## COLLECTED DATA
# # # # #

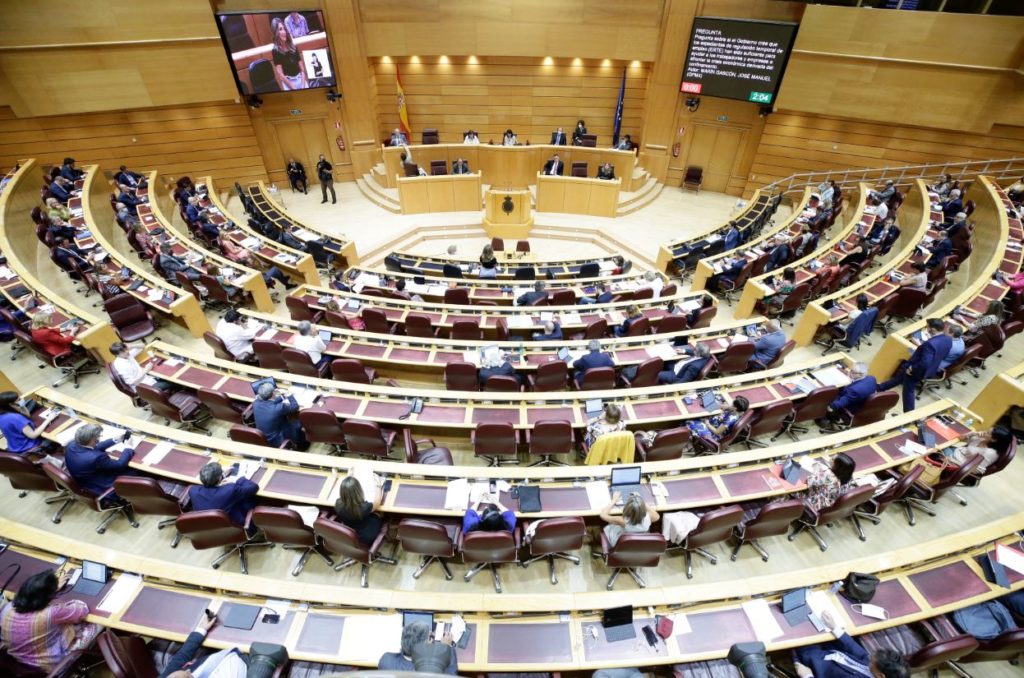 El PP logra mayoría absoluta en un Senado sin Vox ni Sumar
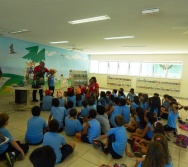 ENCONTRO DOS AUTORES DO LIVRO BULLYING COM ALUNOS DO COLÉGIO MARISTA.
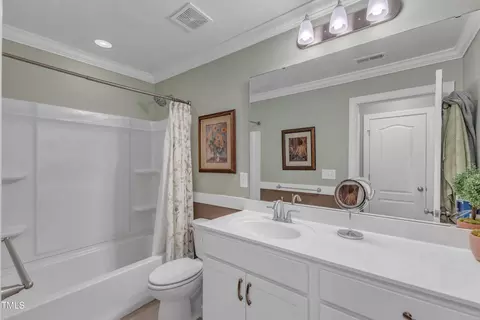 Bath - 637 Copper Beech Ln, Wake Forest, NC 27587 photo 6 of 6
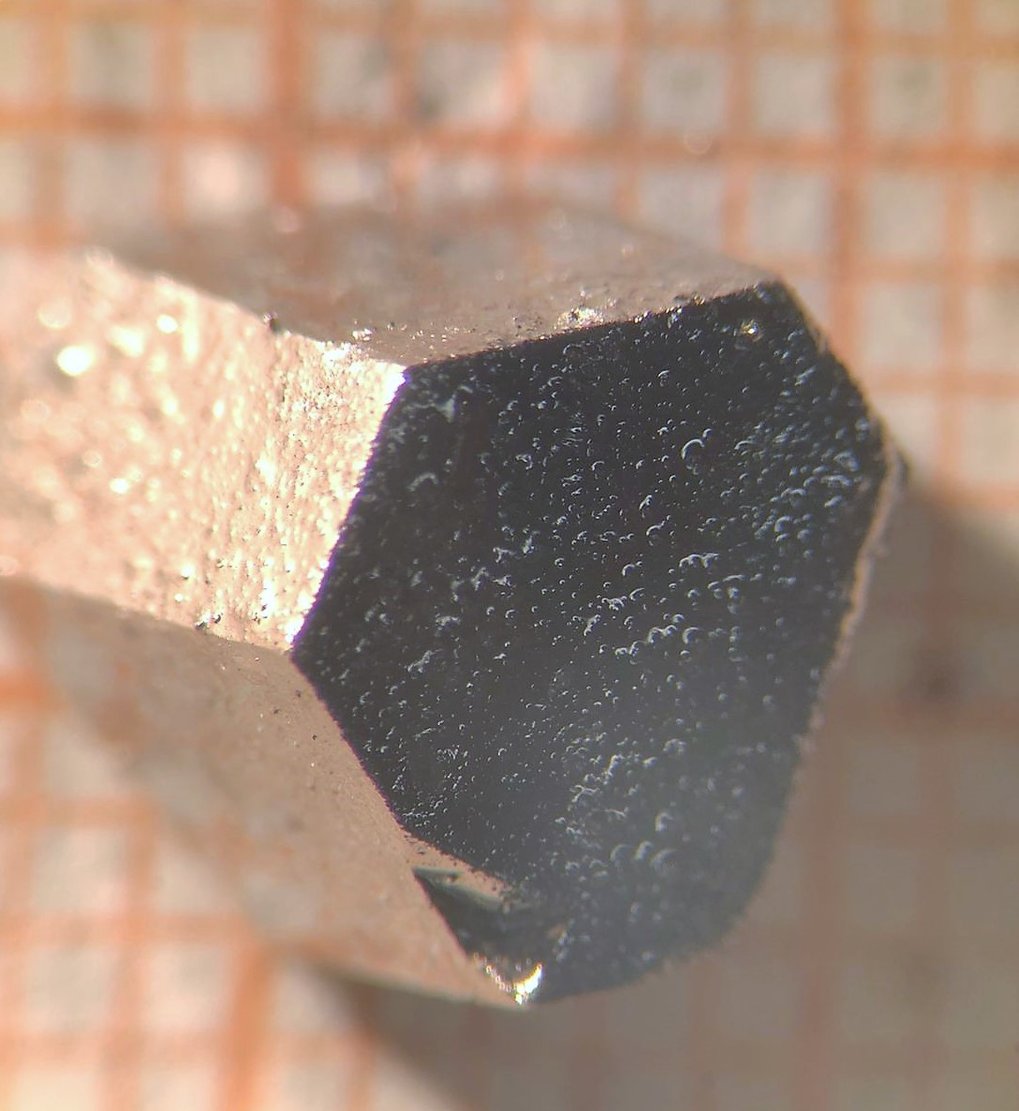 Advanced synthesis and characterization of Hg-based materials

# # # # #

## PROBLEM DESCRIPTION
Restate the listing above word for word, and skip the pictures.

## THE COMPLETED TASK
 El PP logra mayoría absoluta en un Senado sin Vox ni Sumar
 ENCONTRO DOS AUTORES DO LIVRO BULLYING COM ALUNOS DO COLÉGIO MARISTA.
 Bath - 637 Copper Beech Ln, Wake Forest, NC 27587 photo 6 of 6
 Advanced synthesis and characterization of Hg-based materials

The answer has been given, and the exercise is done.